After Earth
There are a lot of things I could say about “After Earth,” the sci fi thriller co-written and directed by M. Night Shyamalan (“The Last Airbender”) and co-starring Will Smith and his son, Jaden.
One of those things is “thought-provoking." It certainly raises its share of questions. Things like:
So animals can evolve into giant man-eating species in just about 1,000 years when previous evidence suggests it takes billions?
A pack of wild hungry baboons is afraid of … a river?
Can a human really repair his own severed femoral artery using a rubber tube?
Why do future people never use contractions?
And if they have these really wicked double-bladed sword things, why don’t they have laser guns of some sort also?
Why do this world’s seat belts make hissing noises when they buckle and unbuckle?
When did birds start forming emotional bonds with their food?
I could go on, but at this point it would probably be more practical to say the “After Earth” screenplay likely reads like a piece of stilted fanfiction written by a 14-year-old feverishly trying to finish his opus before the end of study hall.
Or, perhaps a little less succinctly (but no less accurate), by someone who saw a few “Star Wars” movies, the odd-numbered “Star Trek” films, and read four sci fi novels, then decided to make his own futuristic sci-fi epic … in a couple of months. As a Jaden Smith vanity project. Without a technical advisor.

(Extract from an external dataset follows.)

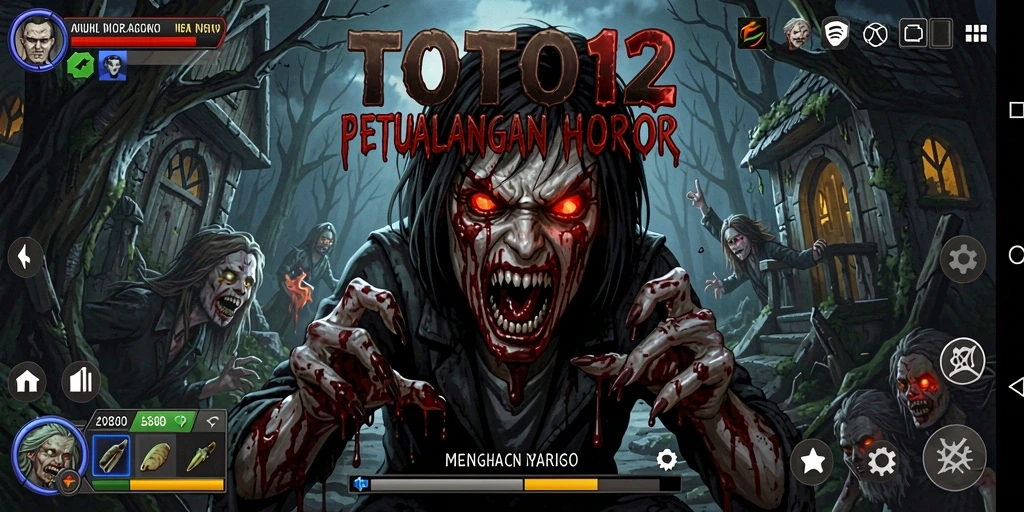 Screenshot gameplay menyeramkan dari TOTO12 menampilkan suasana mencekam dan desain yang menakutkan.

Quickly, the plot: Will Smith plays some guy with a made-up badass science-fiction name. Something like Furious Styles. That name is wrong, but I don’t care enough to go look, honestly. I don't really feel bad about that, because it represents roughly the effort Shyamalan put into naming him. Jaden plays his son, who doesn’t know his father all that well because Pops was out being a hero during his formative years.
Jaden wants to be a Ranger like his dad and passes physical muster but wilts under stress. That’s ironic, see, because his dad is known as maybe the only person who has no fear, which works well seeing as how the aliens they fight are blind, but can smell and track human angst. But he also talks slowly, being a little too direct and without contractions. Think Spock, but with fewer interesting character traits.
So dad and son go on a bonding mission, which ends in disaster when their ship crashes on Earth, which is now pretty inhospitable to humans and filled to the brim with man-eating monsters. Oh, and the freaky alien larva Pops had onboard to use as training for the Rangers. But don’t worry … it probably didn’t survive the crash. Definitely not. But look out for it just in case.
The crash has two survivors: Furious (again, not his real name. It's from “Boyz n the Hood”) and his boy, though Pops has two broken legs and, yes, internal bleeding from his femoral artery, which, in real life, would cause him to bleed out in minutes, but in this world gives him … hell, as much time as he needs.
So Pops sends out his kid to travel about 100 kilometers to retrieve the distress beacon from the ship's tail, which snapped off in the crash. By himself. In the world with giant killer everythings and the giant man-eating alien creature. Probably dead, but be careful, just in case.
This leaves junior to venture out into the world by himself, with only his crazy color-changing supersuit and his dad’s “cutlass” — think Darth Maul’s lightsaber if the blades were metal instead of made of lasers.
Putting it mildly, Shyamalan’s world has no internal logic. It’s a world destroyed by human pollution ... and invaded by aliens. Abandoned for 1,000 years, all of the species have evolved to hunt and kill humans … did I mention all of the humans left a millennium ago? With wild temperature shifts that create a jungle-type atmosphere during the day, but as the sun sets, the temperature drops until it’s uninhabitable for a human to live in (so why don’t all of the other animals freeze to death, too?). Oh, but there are hot spots around, meant to provide Jaden with a video game-style checkpoint to get to each night, only the film rarely uses them. Each of these items is important to the story only in certain designated spots.
Everything about this film is manufactured with the express intent to drive the plot or create tension. At one point, Jaden lies to his dad about something that’s a matter of life and death for no discernible reason. Even later when he fesses up, it makes no sense. The narrative choices through the film make no sense, either, and the world itself is nonsensical. At one point, Jaden meets with a dangerous baboon. We know this because Furious (not his real name) has been tracking it with his futuristic animal finder (in fact, he updates Jaden as it approaches ... 30 meters ... 20 ... 10). After Jaden throws a rock at the baboon, suddenly the ape turns around and calls about a dozen of his friends, which the scanners apparently missed.
Oh, and the overarching lesson of the movie? Don’t ever be afraid or you will die. Great message.
If “After Earth” isn’t the worst movie made this year, it’s certainly the laziest and most wasteful. It imprisons the affable Will Smith behind a stoic puss (no kidding, I think he cracks 5/8 of a smile through the entire film) and creates a humorless, bland film with no sense of gravity, wonder or fun whatsoever. Clinical and passionless, “After Earth” is a waste of your time and money.